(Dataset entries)
····················

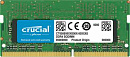 Память DDR4 8Gb 2400MHz Crucial CT8G4SFS824A RTL PC4-19200 CL17 SO-DIMM 260-pin 1.2В single rank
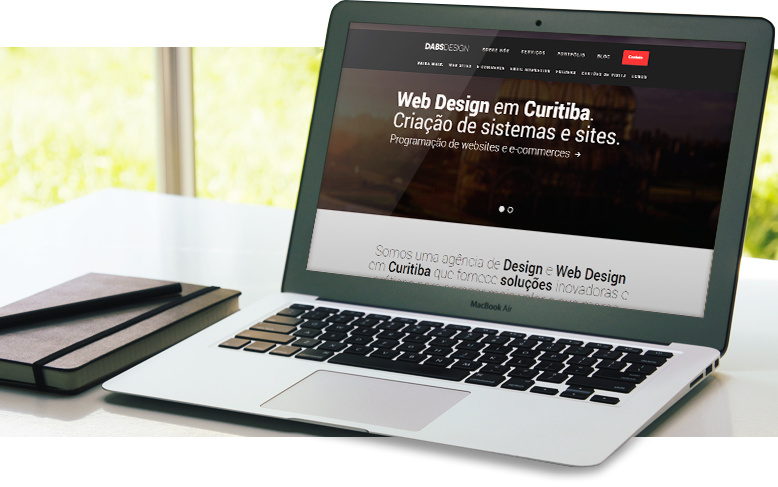 Web Design e E-commerce em Curitiba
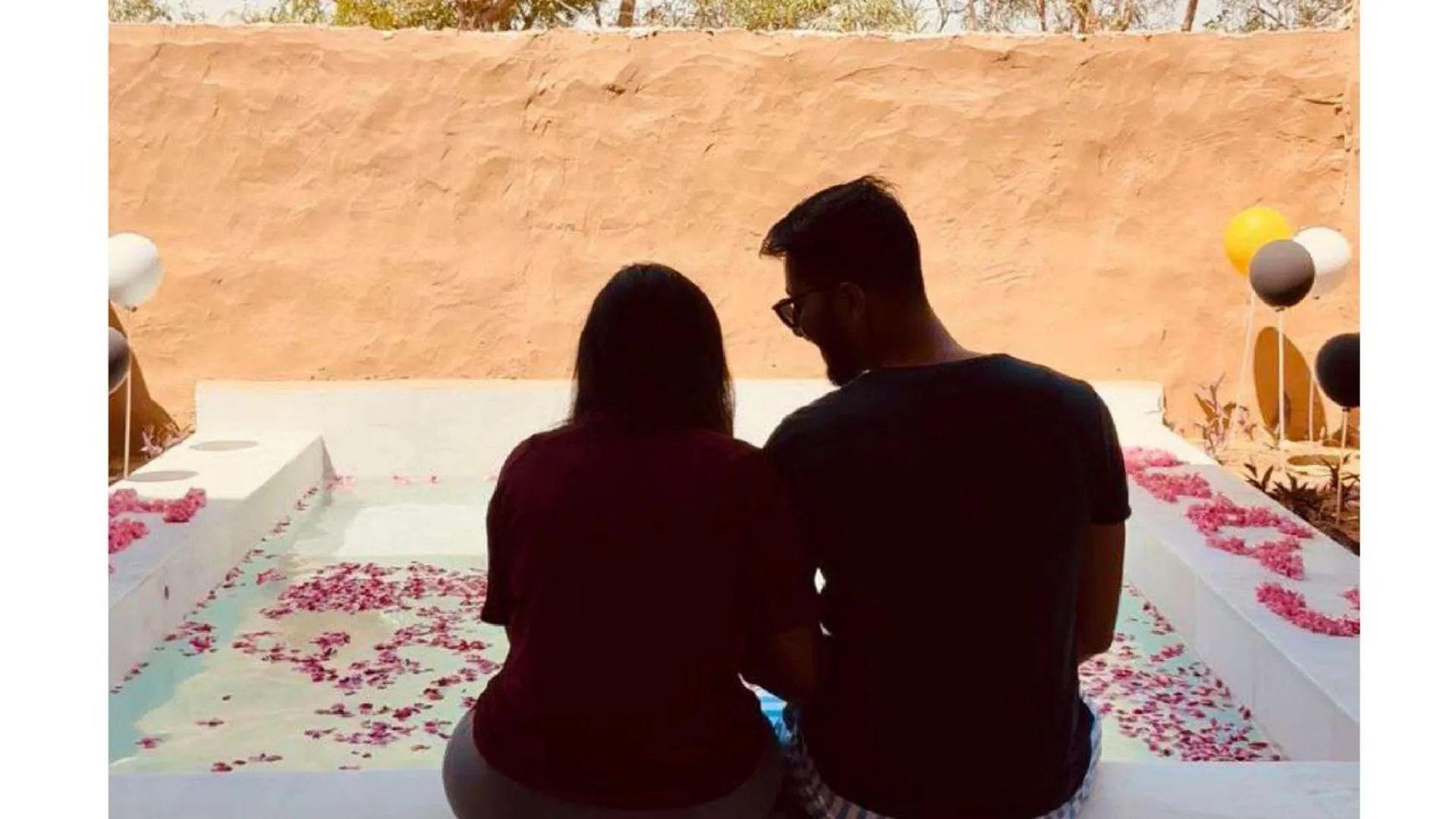 Day in Hariyali Dhani Camps & Desert Resort With Swimming Pool, Jodhpur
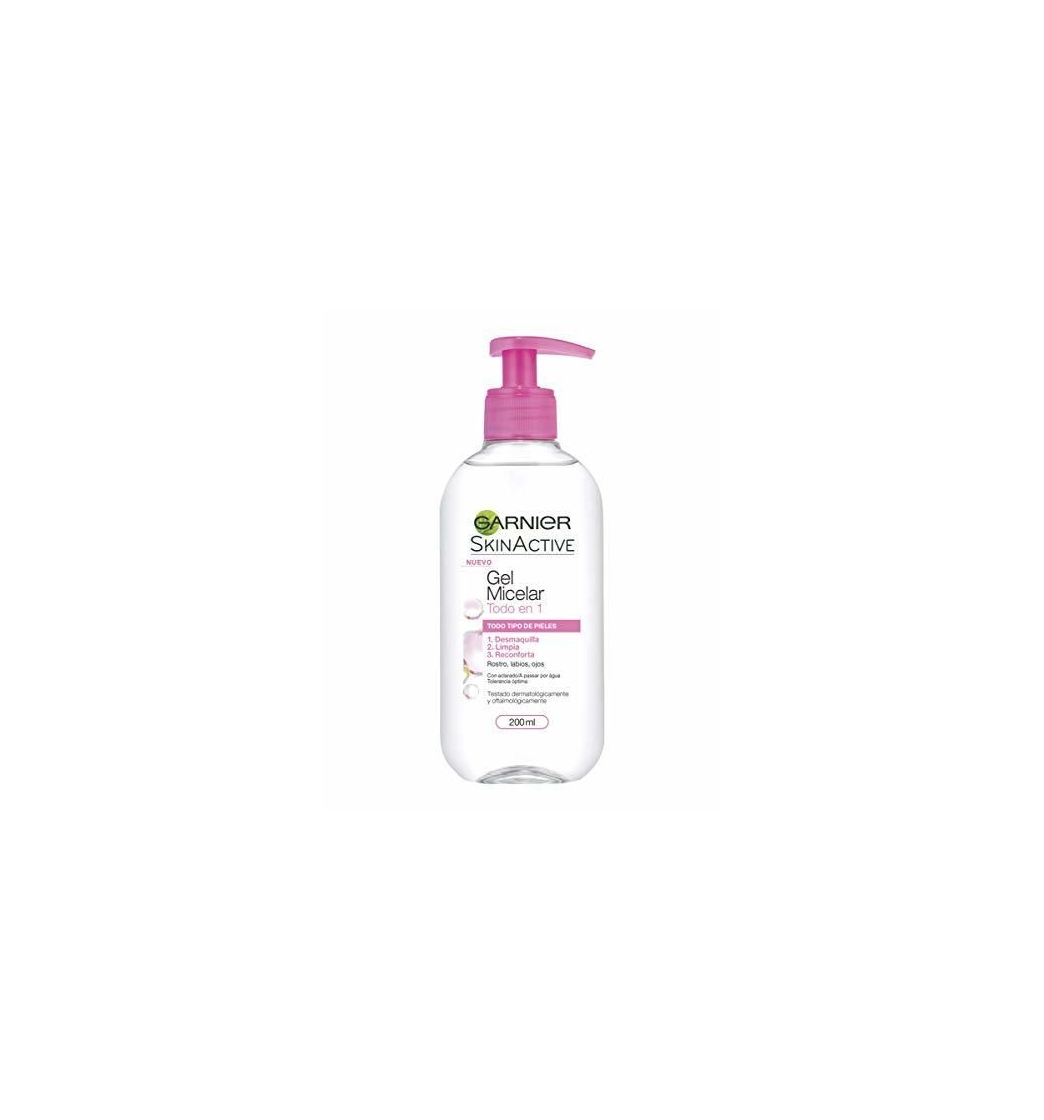 Social Garnier Gel Micelar todo en 1 200 ml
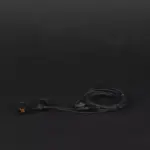 KONIX Naruto Shippuden Starter Kit (case, storage box, screen protector, headphones)-88670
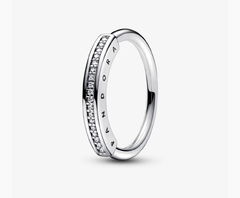 Anel Inspiração Pavé Signature - comprar online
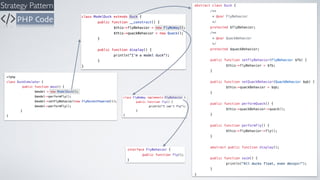 Behavioral design patterns presentation | PDF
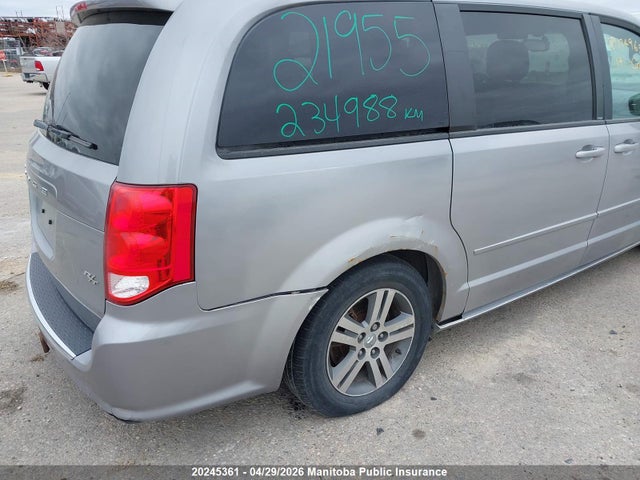 Aukcja sprzedaży 2014 Dodge Grand Caravan R/t, vin: 2C4RDGEG0ER174965, numer aukcji: 20245361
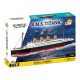 Cobi 1680 Titanic RMS, 1:700, 593 kostek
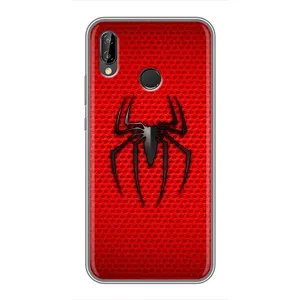 Чохол Супергерой Людина Павук на Huawei P20 Lite, Ane-L02 (Павук марвел)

····················

All records must be output exactly as they are, except for the pictures, which are left out.

 Память DDR4 8Gb 2400MHz Crucial CT8G4SFS824A RTL PC4-19200 CL17 SO-DIMM 260-pin 1.2В single rank
 Web Design e E-commerce em Curitiba
 Day in Hariyali Dhani Camps & Desert Resort With Swimming Pool, Jodhpur
 Social Garnier Gel Micelar todo en 1 200 ml
 KONIX Naruto Shippuden Starter Kit (case, storage box, screen protector, headphones)-88670
 Anel Inspiração Pavé Signature - comprar online
 Behavioral design patterns presentation | PDF
 Aukcja sprzedaży 2014 Dodge Grand Caravan R/t, vin: 2C4RDGEG0ER174965, numer aukcji: 20245361
 Cobi 1680 Titanic RMS, 1:700, 593 kostek
 Чохол Супергерой Людина Павук на Huawei P20 Lite, Ane-L02 (Павук марвел)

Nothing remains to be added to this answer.